Ici l’hiver précoce est déjà descendu,
Le linceul de la terre est partout étendu ;
Les vents roulent sur nous des collines de neige.
Oh ! béni soit le roc dont l’antre nous protége !
Car nous ne pourrions plus faire un pas sans péril
Hors de l’obscur abri qui cache notre exil.
On ne distingue plus les vallons de leurs cimes,
Les torrents de leurs bords, les pics de leurs abîmes ;
Le déluge a couvert d’un océan gelé
Les gorges, les sommets, et tout est nivelé,
Et les vents des frimas, labourant la surface,
Font changer chaque nuit les collines de place,
La biche même tremble, et, ne nous quittant pas,
Sur la plaine trompeuse hésite à faire un pas.

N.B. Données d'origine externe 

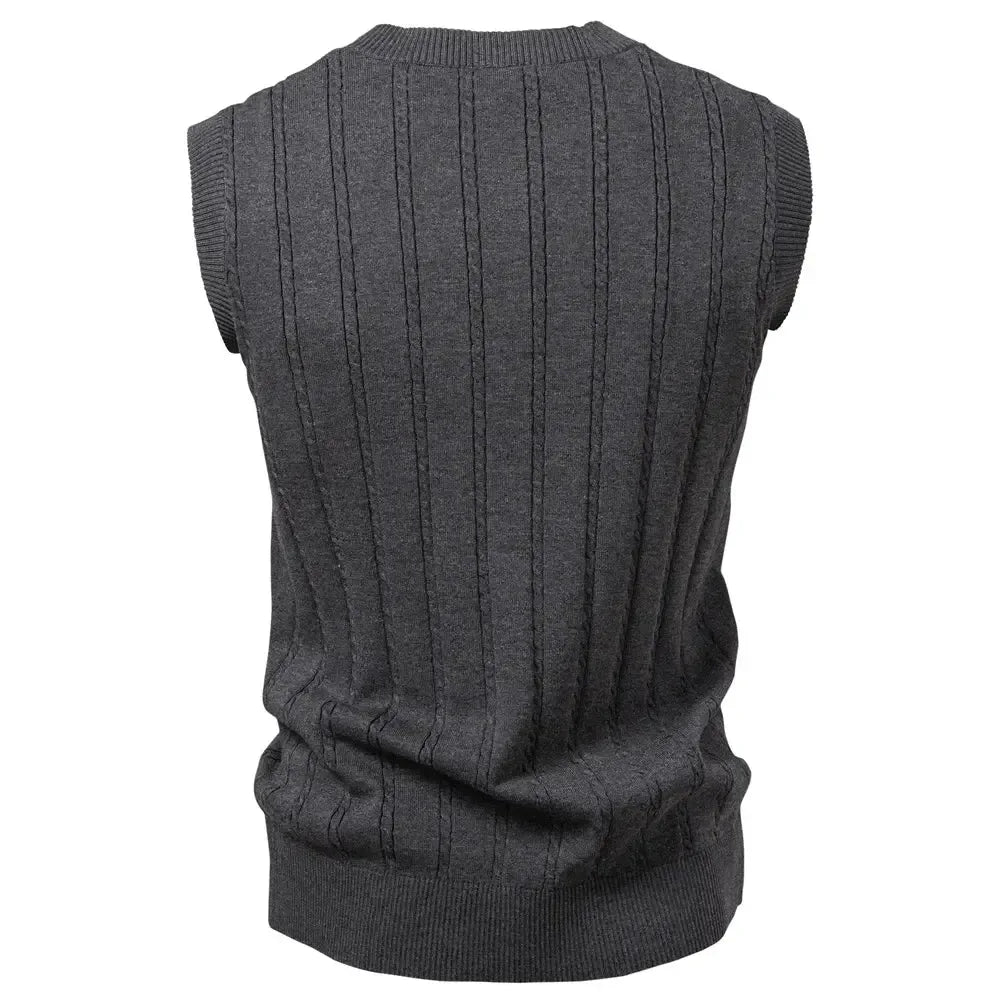 Aiopeson Men's Solid Colour V Neck Knitted Vests - ShopHub
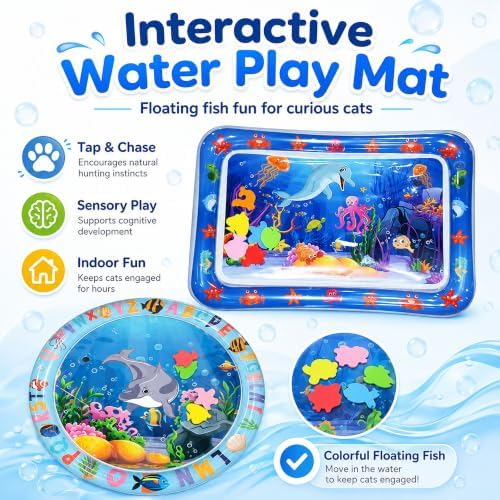 Aquameow Water Cat Toy,Claw-Resistant Sensory Cooling Water Mat，Rectangular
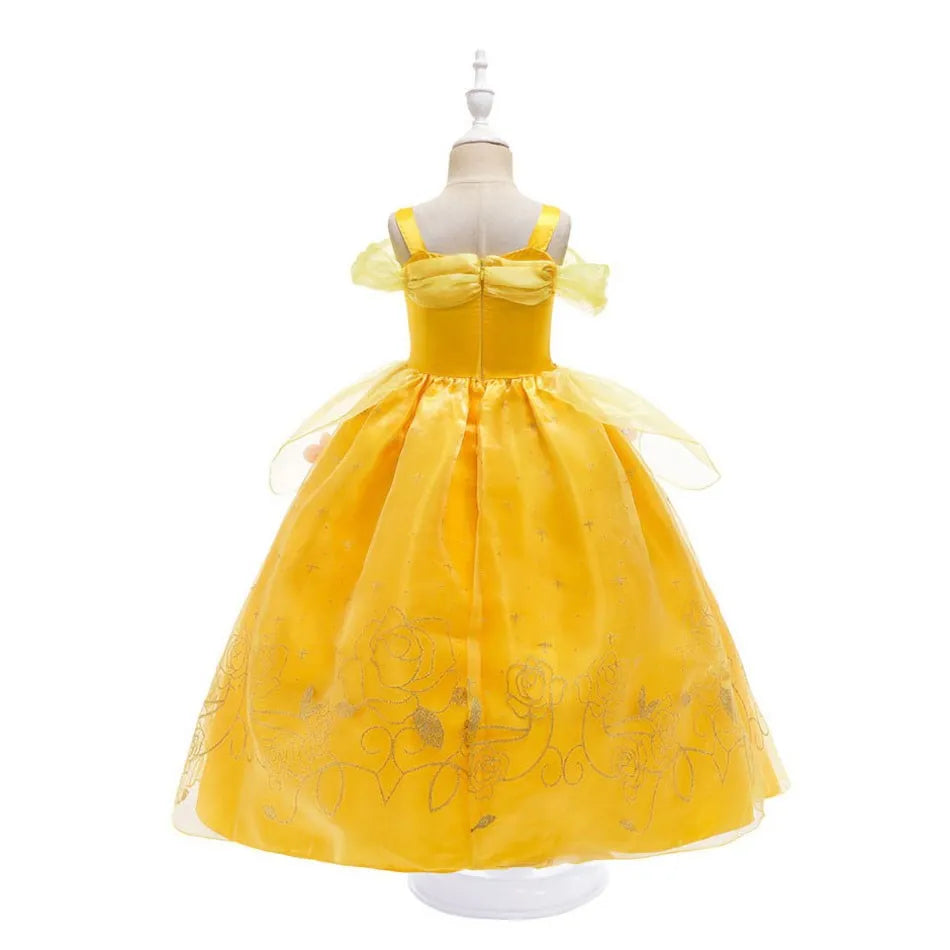 Girl Belle Dress Up Sleeveless Floral Children Party Princess Costume Kids Beauty and The Beast Halloween Carnival Outfit Clothe - www.Shopthatapp.com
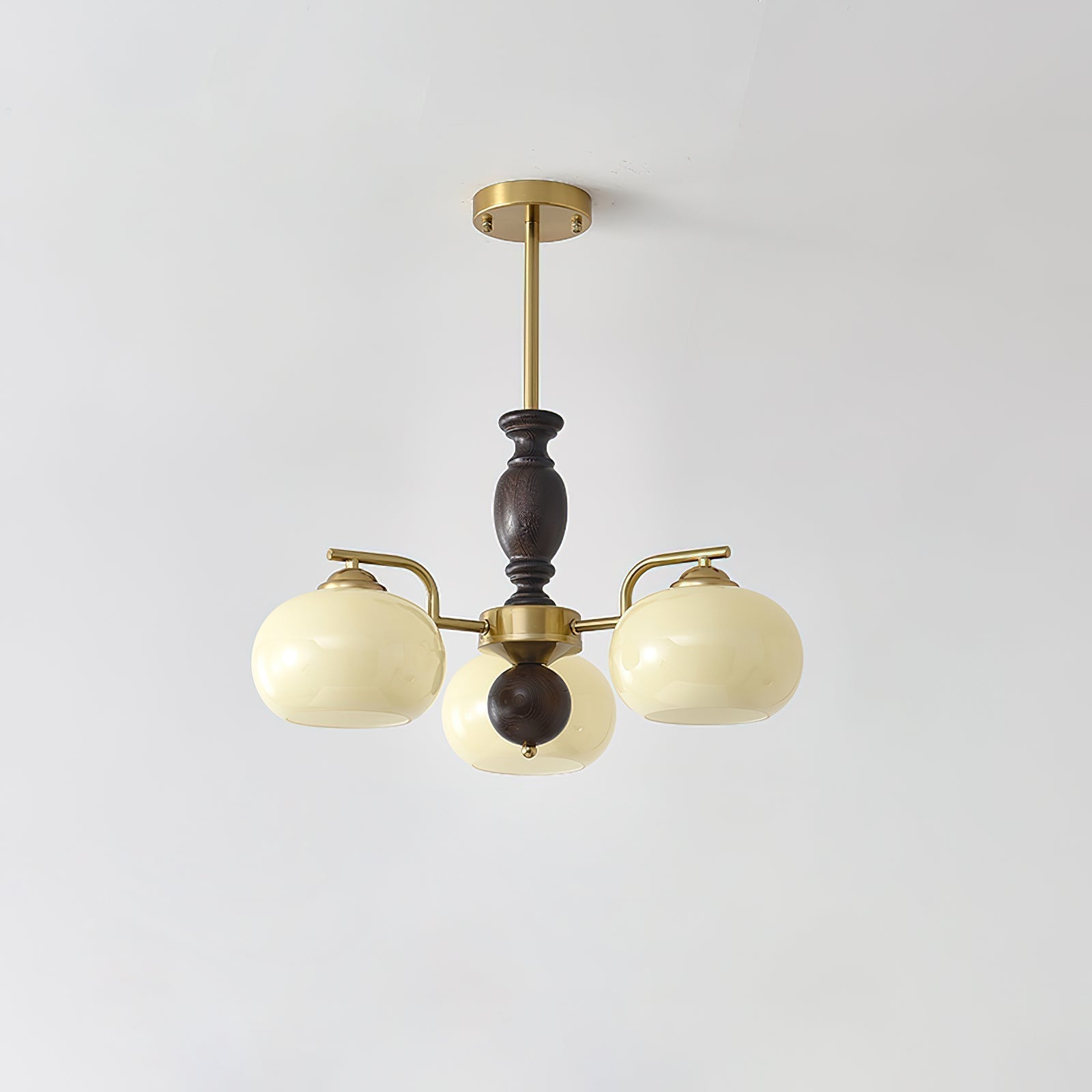 Aurora Kronleuchter Walnuss Beige Orb-Letslighting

L’arche par où ces monts touchent à la vallée
D’une énorme avalanche aujourd’hui s’est comblée,
Et, comme dans une île inaccessible aux yeux,
Nous tiendra renfermés jusqu’aux mois pluvieux.


Oh ! que j’aime ces mois où, comme cette terre,
En lui-même le cœur se chauffe et se resserre,
Et recueille sa séve en cette demi-mort
Pour couler au printemps plus abondant, plus fort !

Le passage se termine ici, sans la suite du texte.